Na koniec drugiego kwartału największe polskie banki posiadały blisko 600 oddziałów bezgotówkowych
Credit Agricole podał dane dotyczące placówek bezgotówkowych – bank posiada ich już blisko 30. W obiektach tego typu pracownicy nie przyjmują wpłat i nie realizują wypłat gotówki, ale klienci znajdą w nich bankomaty i wpłatomaty. Instytucja zapewnia, że zmiany nie polegają wyłącznie na usunięciu stanowisk obsługi kasowej. Placówki bezgotówkowe są inaczej zaaranżowane.
W obiektach przygotowanych według nowej formuły klienci mogą załatwiać bardziej skomplikowane sprawy i poznawać nowe produkty, a pracownicy wyjaśniać, jak działają np. bankowość elektroniczna i mobilna. Wszystko to ma się odbywać w przyjemnej atmosferze – na wygodnych kanapach, ewentualnie w szklanych, zamykanych boksach, przy dźwiękach muzyki. Bank deklaruje w komunikacie, że placówki typu cashless to odpowiedź na zmiany zachodzące na rynku oraz oczekiwania klientów.

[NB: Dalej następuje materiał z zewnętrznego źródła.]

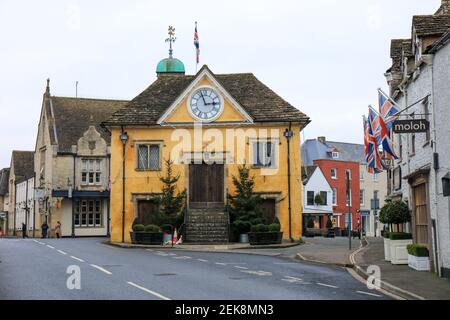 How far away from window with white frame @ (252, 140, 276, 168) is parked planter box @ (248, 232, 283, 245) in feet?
16.4

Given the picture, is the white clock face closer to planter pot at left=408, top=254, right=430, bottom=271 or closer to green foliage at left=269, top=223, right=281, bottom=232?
green foliage at left=269, top=223, right=281, bottom=232

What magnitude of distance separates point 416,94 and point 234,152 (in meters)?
15.6

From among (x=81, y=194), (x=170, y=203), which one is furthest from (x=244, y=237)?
(x=81, y=194)

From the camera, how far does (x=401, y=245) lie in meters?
20.9

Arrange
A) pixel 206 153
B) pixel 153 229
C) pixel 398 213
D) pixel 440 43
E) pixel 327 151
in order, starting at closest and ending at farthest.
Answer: pixel 440 43 → pixel 398 213 → pixel 153 229 → pixel 206 153 → pixel 327 151

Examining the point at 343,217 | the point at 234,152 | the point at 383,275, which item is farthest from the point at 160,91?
the point at 343,217

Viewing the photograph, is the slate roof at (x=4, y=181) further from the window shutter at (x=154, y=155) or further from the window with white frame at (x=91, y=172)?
the window shutter at (x=154, y=155)

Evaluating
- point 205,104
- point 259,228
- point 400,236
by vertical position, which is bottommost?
point 400,236

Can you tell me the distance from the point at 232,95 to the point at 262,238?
8972 mm

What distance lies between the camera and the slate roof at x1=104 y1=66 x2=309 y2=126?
35156 mm

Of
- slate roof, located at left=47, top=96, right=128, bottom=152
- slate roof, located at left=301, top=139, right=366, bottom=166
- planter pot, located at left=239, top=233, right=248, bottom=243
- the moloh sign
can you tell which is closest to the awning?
slate roof, located at left=47, top=96, right=128, bottom=152

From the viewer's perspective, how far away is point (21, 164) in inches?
2778

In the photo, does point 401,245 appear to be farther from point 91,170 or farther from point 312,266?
point 91,170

Sieć placówek bezgotówkowych rośnie nie tylko w CA. Z danych opublikowanych w sierpniu przez serwis cashless.pl wynika, że w drugim kwartale pojawiło się 27 takich obiektów i na koniec czerwca największe banki działające na naszym rynku miały ich już blisko 600. To o ponad 180 więcej niż w analogicznym okresie 2020 roku. Na razie liderem w tym segmencie jest ING, który pierwsze półrocze zamykał z wynikiem 179 nowoczesnych oddziałów.